▸ **ACTIVITY**
Return each line, exactly as given, from the one containing "Bankacılık sektöründe kredi hacmi geriledi" through the end of the entries below, and skip the rest.

▸ **Stored items from a collection**
#####

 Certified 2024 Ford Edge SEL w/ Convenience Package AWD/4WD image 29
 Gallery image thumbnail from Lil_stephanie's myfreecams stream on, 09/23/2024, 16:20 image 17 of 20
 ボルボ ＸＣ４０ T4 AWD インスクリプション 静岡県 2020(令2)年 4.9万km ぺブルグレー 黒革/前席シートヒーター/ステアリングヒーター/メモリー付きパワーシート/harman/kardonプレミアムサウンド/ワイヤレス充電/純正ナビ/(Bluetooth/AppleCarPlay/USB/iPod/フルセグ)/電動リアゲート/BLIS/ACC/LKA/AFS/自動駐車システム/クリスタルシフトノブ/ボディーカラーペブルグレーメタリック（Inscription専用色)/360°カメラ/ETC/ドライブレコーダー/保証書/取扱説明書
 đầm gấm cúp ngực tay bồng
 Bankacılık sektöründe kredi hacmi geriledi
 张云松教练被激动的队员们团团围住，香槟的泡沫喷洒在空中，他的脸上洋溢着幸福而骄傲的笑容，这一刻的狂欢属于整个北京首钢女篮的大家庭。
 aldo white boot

#####

▸ **FINAL ANSWER**
 Bankacılık sektöründe kredi hacmi geriledi
 张云松教练被激动的队员们团团围住，香槟的泡沫喷洒在空中，他的脸上洋溢着幸福而骄傲的笑容，这一刻的狂欢属于整个北京首钢女篮的大家庭。
 aldo white boot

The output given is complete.